Stellt sich nur die Frage, ob sich Chelsea mit Lampards Rückkehr angesichts seiner Vorgeschichte wirklich einen Gefallen getan hat und ob die Chelsea-Ikone der immens komplizierten Aufgabe gewachsen ist.

Immerhin ist Lampard in seiner ersten Amtszeit bei Chelsea krachend gescheitert. Das war sicherlich auch seiner mangelnden Erfahrung geschuldet, als er 2019 nach einer einjährigen Station bei Zweitligist Derby County bei Chelsea angeheuert hatte.

Nach einer respektablen ersten Saison mit Platz vier, als er wegen einer Transfersperre gar gehandicapt und gezwungen war, auf Talente zu setzen, lief in der Spielzeit drauf nicht mehr viel zusammen. Augenscheinlich waren vor allem seine taktischen Defizite sowie Probleme bei der Mannschaftsführung.

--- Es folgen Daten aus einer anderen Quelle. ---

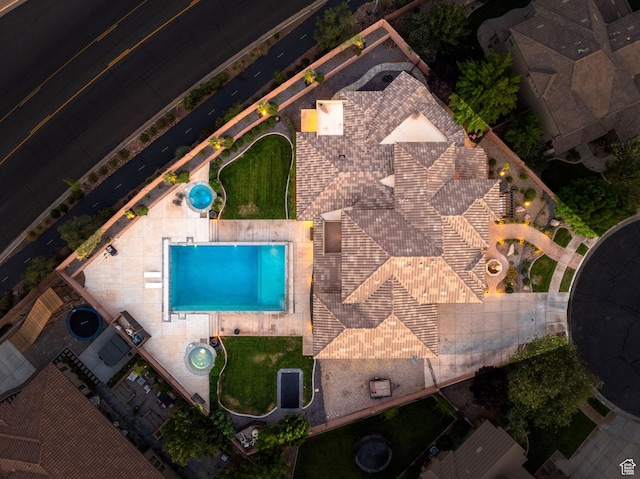 2979 E 3610th Cir S, St George, UT 84790 - view of subject property featuring a pool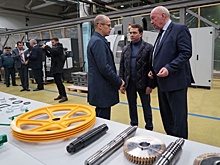 Первое в стране производство лифтовых лебедок открылось в Удмуртии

Der von Lampard favorisierte Spielstil sei „nicht so aufwendig“ und „weniger geplant“ gewesen, erklärte Torhüter Kepa, der unter der Chelsea-Legende seinen Stammplatz verloren hatte, im vergangenen Sommer in der Marca. Erst mit der Ankunft des aktuellen Bayern-Trainers Tuchel haben Chelsea „die Kontrolle zurückgefunden“.

Chelsea-Ikone immer noch ein „Rookie-Manager“

Auch auf seiner folgenden Station FC Everton, wo er im Januar nach knapp einem Jahr im Amt freigestellt worden war, hagelte es jede Menge Kritik für Lampard.

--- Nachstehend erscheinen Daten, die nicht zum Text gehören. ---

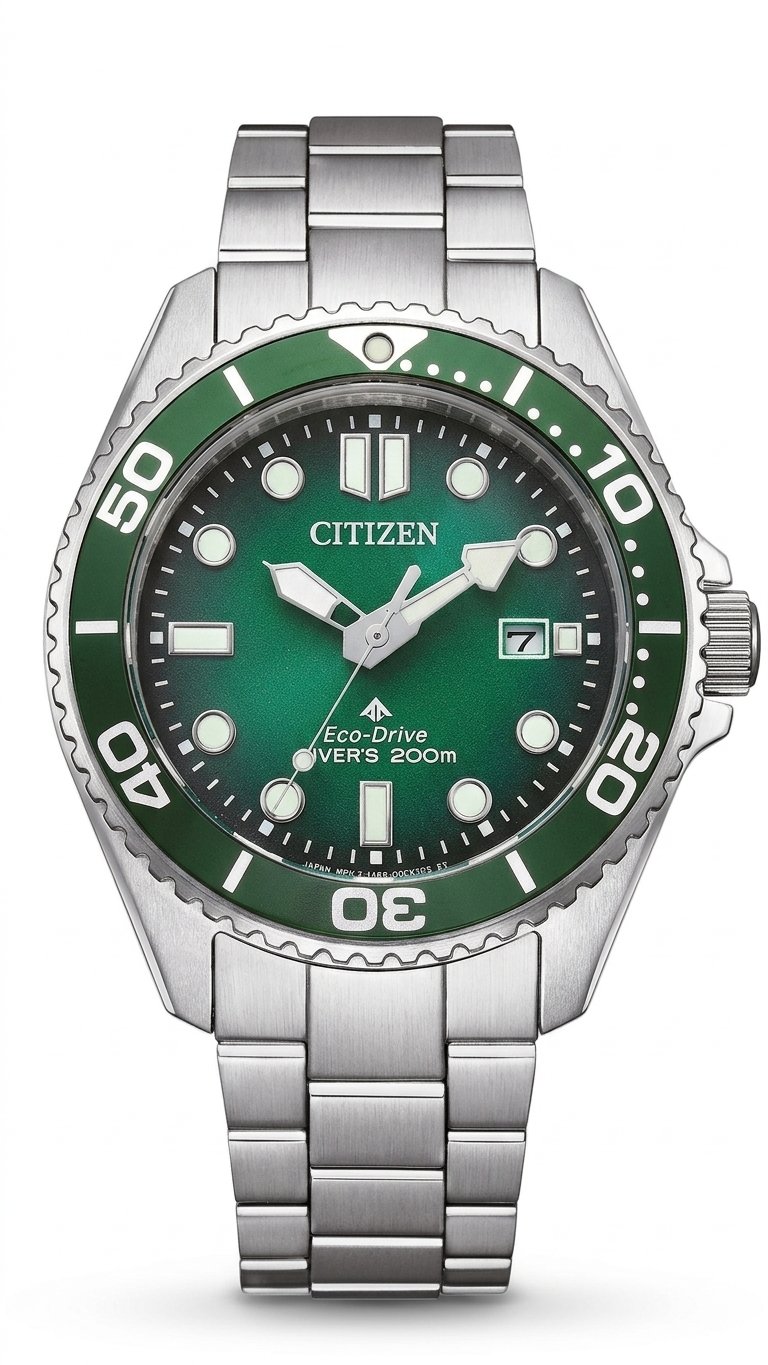 Citizen Promaster Eco-Drive Diver BN0269-50W Erkek Kol Saati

„Es läuft sehr viel falsch in Everton“, bemängelte Tony Cascarino im vergangenen April in der Times. Lampard sei immer noch ein „Rookie-Manager“, also ein Anfänger. „Taktisch ist Everton chaotisch“, fügte der frühere irische Nationalspieler hinzu.

Angesichts des bislang enttäuschenden Saisonverlaufs scheint sich das Risiko für Lampard bei Chelsea in Grenzen zu halten, er hat nichts zu verlieren. Vielmehr könnte der bei den Fans immer noch beliebte Trainer positiv überraschen, sollte er in der Champions League im Viertelfinale Real Madrid ausschalten.

„Es ist eine ziemlich einfache Entscheidung für mich“, erklärte der 44-Jährige bei seiner Vorstellung: „Chelsea ist mein Verein. Ich komme mit der Überzeugung, dass ich bis zum Ende der Saison helfen kann. Ich werde mein Bestes geben, um den Fans zu geben, was sie wollen.“

Einem Triumph in der Königsklasse wären sie sicherlich nicht abgeneigt.